Der Punkt ist, die AOK weiß das. Die Software der AOK weiß das auch. Ich weiß nicht, wie viel die Software der AOK weiß. Aber ich weiß, dass sie etwas weiß.
Und so wird dann wohl beim Routinecheck folgendes passiert sein:
Oh der Ruppelt, drei dicke rote Ausrufezeichen nach so vielen Jahrzehnten des Vertrauens. Da müssen wir was machen. Ich erstelle eine Aufgabe für unser Callcenter in Ingolstadt. Die sollen den Kunden anrufen, ihm unser tolles Onlineangebot präsentieren und ihm unser Bonusprogramm schmackhaft machen.
Ist alles reine Phantasie. Aber so könnte es gelaufen sein.
Im Callcenter greift sogleich jemand zum Hörer.
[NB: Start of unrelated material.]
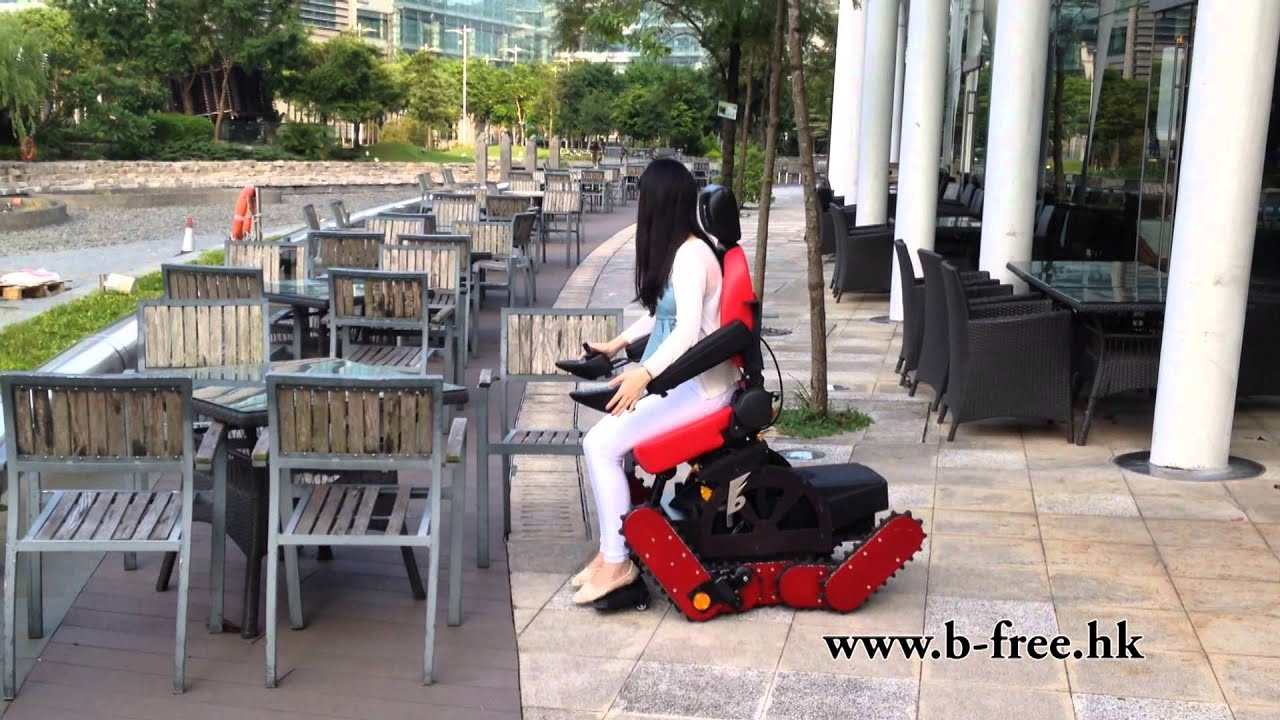 B-Free Chair- All Terrain Multi Function Stair-Climbing Power Wheelchair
Sobald mein Anrufbeantworter ran geht, wird jedes Mal aufgelegt. Ich habe die Anrufe ja gesehen und meine Mailbox hat ihren Sinn. Das mit dem Sprechen und Telefonieren ist nun mal nicht so ganz einfach bei mir.
Und dann schlussendlich geht das Standardschreiben raus, das heute in meiner Post liegt. Das Schreiben, das ich einfach ignorieren sollte. Weil ich mir selbst mit einer brauchbaren Theorie erklärt habe, wie es dazu gekommen sein könnte. Aber der Gedanke, dass ich bei meiner Krankenkasse nur eine Nummer bin, lässt mir keine Ruhe. Nur wie sonst soll ich dieses Schreiben interpretieren?
Patientenberatung der AOK Bayern
Sehr geehrter Herr Ruppelt,leider konnte ich Sie telefonisch nicht erreichen.
Als Patientenberaterin der AOK Bayern würde ich gerne mit Ihnen persönlich sprechen. Deshalb bitte ich Sie um Ihren Rückruf unter oben genannter Rufnummer.
Für Ihre Bemühungen bedanken wir uns im Voraus.
Mit freundlichen Grüßen
Ihre
AOK Bayern – Die Gesundheitskasse
Was ich darauf geantwortet habe? Noch gar nichts. Ich weiß ehrlich nicht, wie ich damit umgehen soll.